If you are reading this, you are not likely in the Arboreal Forest of Northern Canada or in the Amazon Jungle or in the swamps of Southern Georgia, but you are probably in an emotional wilderness where the pressures of the holidays are combined with the added emotional stress of the Newtown CT school shooting.   The feelings are powerful and perhaps are making you feel like you are beside yourself and frozen in anger and fear and feel like you are just surviving.  I think when we are stuck in such situations we need courage and calmness because we just cannot stop life as we know it just because of the Connecticut school shooting

Courage

Without looking at a dictionary, courage is essentially going along with the conviction of what the right action is despite the fear and emotion.  It seems to me that courage is romanticized through the movies and TV as big gestures of one hero fighting an army or the hero making a daredevil move for whatever reason.  (My favorites models of courage were John Gage and Roy DeSoto from the TV series Emergency who climbed up in high and dangerous places to rescue people.  John admitted he was scared in a few of the scenes.)  

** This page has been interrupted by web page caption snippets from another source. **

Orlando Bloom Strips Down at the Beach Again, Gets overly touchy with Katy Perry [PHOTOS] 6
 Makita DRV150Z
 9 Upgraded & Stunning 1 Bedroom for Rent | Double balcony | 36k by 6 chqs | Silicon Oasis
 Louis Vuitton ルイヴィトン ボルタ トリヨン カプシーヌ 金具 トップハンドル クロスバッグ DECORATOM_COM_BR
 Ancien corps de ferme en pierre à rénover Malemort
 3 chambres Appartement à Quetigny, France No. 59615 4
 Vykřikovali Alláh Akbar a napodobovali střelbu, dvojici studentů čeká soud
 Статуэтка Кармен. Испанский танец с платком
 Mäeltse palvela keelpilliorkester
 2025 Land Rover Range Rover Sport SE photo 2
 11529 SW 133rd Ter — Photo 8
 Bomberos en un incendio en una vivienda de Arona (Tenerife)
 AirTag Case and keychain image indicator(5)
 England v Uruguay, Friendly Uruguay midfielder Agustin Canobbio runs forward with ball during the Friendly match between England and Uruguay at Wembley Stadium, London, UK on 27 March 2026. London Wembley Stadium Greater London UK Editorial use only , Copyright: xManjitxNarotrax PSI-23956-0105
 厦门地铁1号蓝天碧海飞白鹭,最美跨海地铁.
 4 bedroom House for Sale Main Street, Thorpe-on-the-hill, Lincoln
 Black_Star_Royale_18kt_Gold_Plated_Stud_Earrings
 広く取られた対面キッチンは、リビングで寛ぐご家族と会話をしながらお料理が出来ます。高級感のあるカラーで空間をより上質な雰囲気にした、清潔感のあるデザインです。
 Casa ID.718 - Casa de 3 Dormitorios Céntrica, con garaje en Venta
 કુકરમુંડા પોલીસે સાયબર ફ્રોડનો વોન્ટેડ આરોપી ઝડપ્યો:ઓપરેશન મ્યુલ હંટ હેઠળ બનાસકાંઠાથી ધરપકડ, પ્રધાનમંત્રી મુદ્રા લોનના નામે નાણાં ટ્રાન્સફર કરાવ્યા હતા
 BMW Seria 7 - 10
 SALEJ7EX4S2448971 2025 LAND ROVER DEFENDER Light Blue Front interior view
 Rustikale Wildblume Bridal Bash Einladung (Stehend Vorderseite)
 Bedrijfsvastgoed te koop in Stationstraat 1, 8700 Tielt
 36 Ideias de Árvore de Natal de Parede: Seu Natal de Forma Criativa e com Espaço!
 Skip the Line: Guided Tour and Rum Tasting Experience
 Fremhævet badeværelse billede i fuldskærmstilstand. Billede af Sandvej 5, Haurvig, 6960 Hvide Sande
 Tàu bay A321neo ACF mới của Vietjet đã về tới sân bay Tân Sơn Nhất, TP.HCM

In our real world, courage is not that exciting or suspenseful.  Courage can be:
  • telling someone no. 
  • walking away when they want to fight you . . . and maybe you might be called chicken by the bully,
  • saying enough is enough to one relative badgering another relative at the family holiday celebration,
  • buying yourself a present because you would like it despite having low-self-esteem telling you otherwise,
  • doing the right thing at your job when others are not,
  • going out to the malls and sending your kids to school despite the fear of what happened in Newtown CT
  • going to that holiday family celebration and trying to patch things up with that estranged relative
  • finding joy at the holiday season in some fashion or form

Courage is based on your context or situation, and it may be going against some crowd or “grain.”  Typically, you do not have courage without some type of conviction where you believe that some value or principle is worth the cost.   Usually the cost is someone calling you a fool—the vast majority of our risks in the world are not ones of life and death.

 One does not always act tough when showing courage.  When you are showing courage it can feel like the wind is blowing in your face at hurricane-force speeds.  Courage does not feel good until after you look back at it from the future.

I hold that there are people of courage everywhere that go on living and doing what is needed because it is the right thing to be doing.  I'm trying to be one of them.

I hope that if you are feeling paralyzed by your feelings that you can find courage to start moving again.  and do something in the spirit of the holidays.